I see your point. Let's just say that I was expecting MUCH worse.

__________
 
Best Response
SaucyBacon85:
Obama's success in the economy has taken me by suprise. I honestly though he was gonna spend the US into economic decay.

And yet the Masters of Austerity of Europe are in a swamp and Obama's stimulus and modest spending is yielding results.

However, I'm still concerned with the debt levels Obama's incurred to create this growth. I'm way too busy to go digin for stats but can anyone else elaborate on this? Can't have a debate on job creation in isolation of this might white elephant.
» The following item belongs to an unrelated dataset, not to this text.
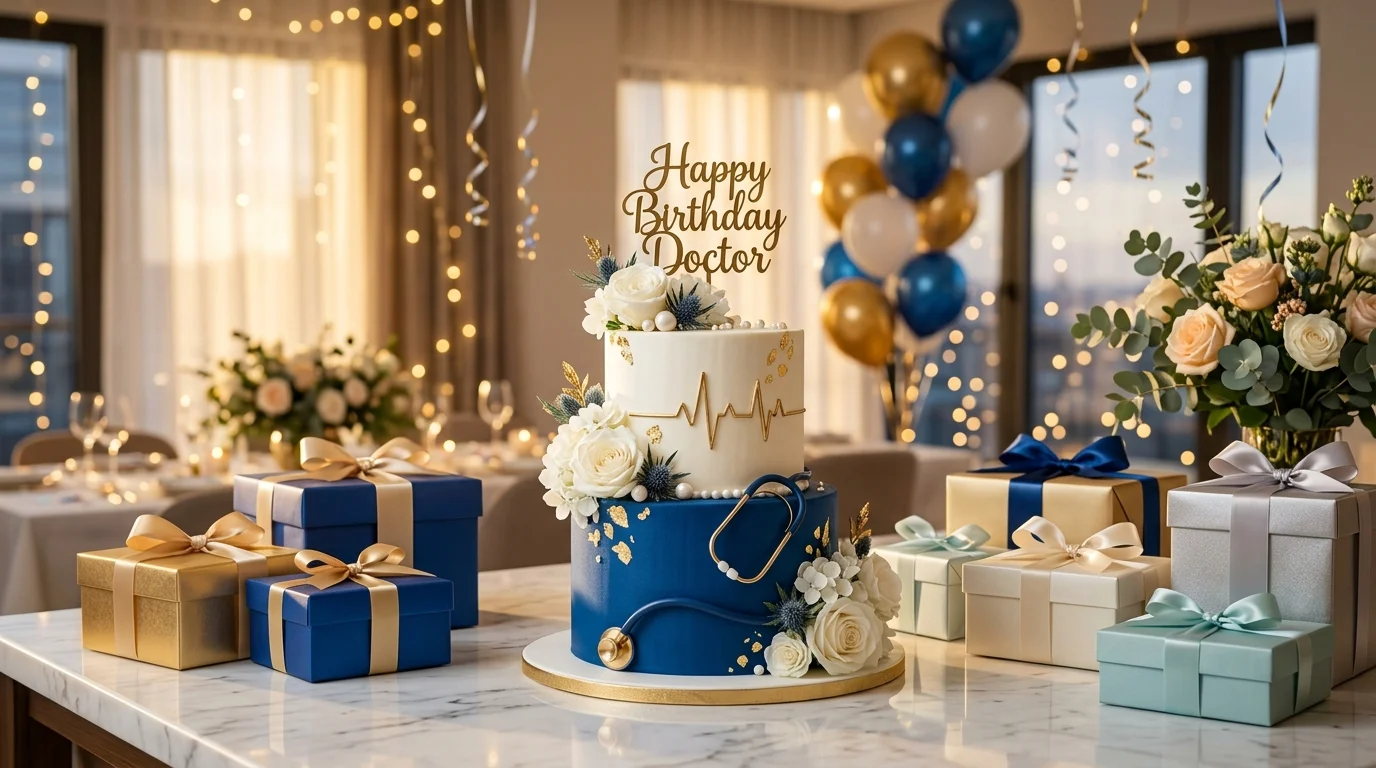 Birthday Wishes for Doctor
Note on the last one, our defecits keep rising however the effects of that spending is diminishing noted by the slowing growth. Also, pull up a chart of the dollar if you really want to see something interesting. At the end of the day, we have a federal reserve printing up money to fuel government spending.

 

I'm pretty sure we know what our debt situation is and will be. Pretty simple. Take whatever our budget deficit and project it forward. It isn't a pretty picture no matter how you stack it. Moreover, we are getting diminished returns on our deficit spending. Our growth is slowing, job growth pace is slowing, and more and more people are leaving the work force either to go back to school (Awesome! More student loan debt) or drop onto programs like SS etc. What I see is borrowing money to inject stimulus into the markets (re: liquidity) to keep the shiny veneer from fading. I don't see much else at the moment. Though at least Bernanke gets a 75% approval rating from investors. Maybe we can take solace in that.

 

People think that the POTUS has far more influence over the economy than is actually the case and thus assign him an inordinate amount of merit or blame. Clinton, Carter, Reagan, et al are not job creators nor are they job destroyers. They simply presided during economic expansions/contractions of which they had a nebulous impact over.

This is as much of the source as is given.